Dyrektor wykonawczy ClientEarth, James Thornton, podkreślił: „Decyzja Prezydenta Trumpa, by wycofać Stany Zjednoczone z Porozumienia Paryskiego jest aktem wandalizmu, potencjalnie zagrażającym współczesnym i przyszłym pokoleniom”.

Podobnej reakcji brakowało ze strony polskiego rządu, który przecież oficjalnie uznał szczyt paryski za swój wielki sukces. Od lat kolejni polscy dygnitarze – niezależnie od barw politycznych – domagali się globalnego, a nie wyłącznie europejskiego porozumienia w sprawie działań na rzecz ochrony klimatu, gdyż to USA, Chiny i Rosja „muszą zrobić najwięcej, by chronić klimat na świecie”.
Analiza ClientEarth wskazuje, że Stany Zjednoczone zresztą nie mogą po prostu „wyjść z porozumienia” z dnia na dzień, jak można było zrozumieć deklarację wygłoszoną przez Prezydenta podczas spotkania prasowego w Białym Domu. Zgodnie postanowieniem, Strony mogą wycofać się z podpisanego Porozumienia najwcześniej trzy lata po jego wejściu w życie, a sama decyzja jest ważna rok po jej ogłoszeniu. Oznacza to, że USA mogą rzeczywiście przestać być Stroną porozumienia w dniu 4 listopada 2020 r. Do tego czasu są one zobowiązane go przestrzegać. Jednak nawet bez Stanów Zjednoczonych porozumienie paryskie wciąż pozostaje kluczowe dla uniknięcia znaczących i destabilizujących zmian klimatu.

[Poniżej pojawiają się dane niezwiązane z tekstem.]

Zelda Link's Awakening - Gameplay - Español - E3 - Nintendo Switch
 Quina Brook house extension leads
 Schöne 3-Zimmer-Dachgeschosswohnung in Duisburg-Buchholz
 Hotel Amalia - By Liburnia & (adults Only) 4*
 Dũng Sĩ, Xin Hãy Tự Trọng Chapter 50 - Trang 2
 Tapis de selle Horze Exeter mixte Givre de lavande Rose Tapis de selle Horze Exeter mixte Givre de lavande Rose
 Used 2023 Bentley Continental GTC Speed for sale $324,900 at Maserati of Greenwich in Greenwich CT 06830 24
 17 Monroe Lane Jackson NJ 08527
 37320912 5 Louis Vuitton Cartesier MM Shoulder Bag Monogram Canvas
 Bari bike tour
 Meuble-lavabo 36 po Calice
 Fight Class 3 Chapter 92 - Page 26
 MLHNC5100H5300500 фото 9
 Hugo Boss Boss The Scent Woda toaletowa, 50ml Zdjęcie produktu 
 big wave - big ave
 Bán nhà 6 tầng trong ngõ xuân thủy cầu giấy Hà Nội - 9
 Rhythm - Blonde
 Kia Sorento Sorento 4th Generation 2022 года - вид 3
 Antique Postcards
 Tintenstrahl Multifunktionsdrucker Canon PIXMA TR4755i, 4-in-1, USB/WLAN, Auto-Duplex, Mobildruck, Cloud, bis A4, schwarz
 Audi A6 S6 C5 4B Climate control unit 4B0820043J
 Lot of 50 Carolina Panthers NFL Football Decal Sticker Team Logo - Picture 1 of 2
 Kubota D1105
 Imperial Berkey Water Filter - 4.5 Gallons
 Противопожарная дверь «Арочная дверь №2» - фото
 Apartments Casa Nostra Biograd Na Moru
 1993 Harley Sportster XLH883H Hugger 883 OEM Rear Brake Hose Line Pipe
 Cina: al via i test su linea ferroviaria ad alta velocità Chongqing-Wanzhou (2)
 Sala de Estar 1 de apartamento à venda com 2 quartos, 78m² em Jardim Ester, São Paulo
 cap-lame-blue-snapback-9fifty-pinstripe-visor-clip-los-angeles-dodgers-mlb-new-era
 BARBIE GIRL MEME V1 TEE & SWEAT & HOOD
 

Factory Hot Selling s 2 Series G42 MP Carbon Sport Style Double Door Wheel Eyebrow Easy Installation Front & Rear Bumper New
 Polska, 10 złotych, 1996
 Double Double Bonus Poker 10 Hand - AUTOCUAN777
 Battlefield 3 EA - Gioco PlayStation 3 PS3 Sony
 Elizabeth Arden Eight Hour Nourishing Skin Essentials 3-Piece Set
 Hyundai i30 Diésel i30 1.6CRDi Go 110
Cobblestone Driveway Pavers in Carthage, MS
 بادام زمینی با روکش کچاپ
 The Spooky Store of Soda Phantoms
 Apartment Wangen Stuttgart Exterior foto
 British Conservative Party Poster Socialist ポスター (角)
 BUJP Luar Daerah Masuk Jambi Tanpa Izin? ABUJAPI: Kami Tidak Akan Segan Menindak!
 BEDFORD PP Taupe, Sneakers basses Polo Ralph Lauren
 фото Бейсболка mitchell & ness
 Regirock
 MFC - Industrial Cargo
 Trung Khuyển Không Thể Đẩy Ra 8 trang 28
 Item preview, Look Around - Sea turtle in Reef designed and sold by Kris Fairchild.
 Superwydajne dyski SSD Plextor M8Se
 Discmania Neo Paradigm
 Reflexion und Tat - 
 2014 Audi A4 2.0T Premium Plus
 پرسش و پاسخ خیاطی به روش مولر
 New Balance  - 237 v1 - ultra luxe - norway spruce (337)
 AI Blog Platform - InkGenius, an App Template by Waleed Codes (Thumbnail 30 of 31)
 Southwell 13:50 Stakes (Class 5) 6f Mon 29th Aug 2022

Trump nie rozwiąże problemów polskiej energetyki. Podczas gdy – wbrew retoryce prezydenta – USA same inwestują w nowoczesne technologie, rozwijają OZE i odchodzą od węgla, nam po prostu chcą sprzedać swoje LNG. Oznacza to, że oprócz emisji z węgla do polskiego powietrza dorzucimy jeszcze emisje z importowanego gazu.